Chiuso da un finale bellissimo e enigmatico, Le meraviglie è un film che riempie gli occhi e tocca il cuore.
Dopo Corpo Celeste, sempre incentrato sulla lotta con/per l’ambiente di una tredicenne, la sorella minore di Alba vince il Gran Premio a Cannes con un’opera lodevole più per intenzioni che risultati. Si sofferma a lungo sull’arte del mestiere (in modo autobiografico, per l’apicoltura del padre tedesco), segnala una realtà perduta di conduzione familiare delle attività agricole e, senza veemenza, lo scontro con le “messe a norma” istituzionali che mirano a cancellare chi non si adegua, e con la logica televisiva che tutto fagocita riducendo a sketch-kitsch. Cerca una messinscena “magica” senza trattare di magia, come un Fellini sobrio che, ogni tanto, infila un cammello, un set televisivo con personaggi vestiti in modo pittoresco, anime che ballano in una grotta etrusca come ombre cinesi, una realtà poliglotta.
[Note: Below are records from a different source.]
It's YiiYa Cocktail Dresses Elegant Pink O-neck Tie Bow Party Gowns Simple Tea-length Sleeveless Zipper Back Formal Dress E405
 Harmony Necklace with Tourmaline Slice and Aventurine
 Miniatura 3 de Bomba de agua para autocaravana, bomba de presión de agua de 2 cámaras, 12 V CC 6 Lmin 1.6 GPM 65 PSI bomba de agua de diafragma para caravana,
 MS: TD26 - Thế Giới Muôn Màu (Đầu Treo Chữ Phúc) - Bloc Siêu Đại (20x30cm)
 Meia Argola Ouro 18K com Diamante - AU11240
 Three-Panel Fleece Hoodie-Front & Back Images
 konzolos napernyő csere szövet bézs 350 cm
Una ‘fiaba materica’ l’ha definita la regista, un film ‘fatto a mano’, comprese recitazioni approssimative (Sam Louwyck sciorina tre lingue ma biascica l’italiano, vanificando la rabbia che dovrebbe esprimere) o figure sbiadite (Alba Rohrwacher). Le emozioni, poi, non hanno tempo di decantare nell’infelice stilema di montaggio per cui la scena si interrompe, la suggestione appena ritratta non fa parte della scena successiva e/ma viene richiamata più avanti, non si sa bene a quale titolo (esempio: quando la maggiore proibisce alla minore di ballare “T’appartengo” di Ambra Angiolini). Si creano voragini nei tratti psicologici, incoerenze come quella di una protagonista direttiva ed insopportabile con cui la regia, poi, invita a sognare un altro mondo con Monica Bellucci e il suo baraccone. I temi toccati sono tanti, è preponderante quello del rapporto privilegiato padre/figlia che si incrina per obiettivi diversi; sono tante anche le “intenzioni” di scene emblematiche e da tuffo al cuore (i momenti con il muto ragazzino tedesco) che non riescono ad essere tali per inadeguatezza espressiva o di organizzazione del testo, a meno che non sia voluta (e opinabile) quest’aria fra l’improvvisato e il dispersivo. Si è girato in un casale fra Umbria e Lazio vicino al lago Bolsena.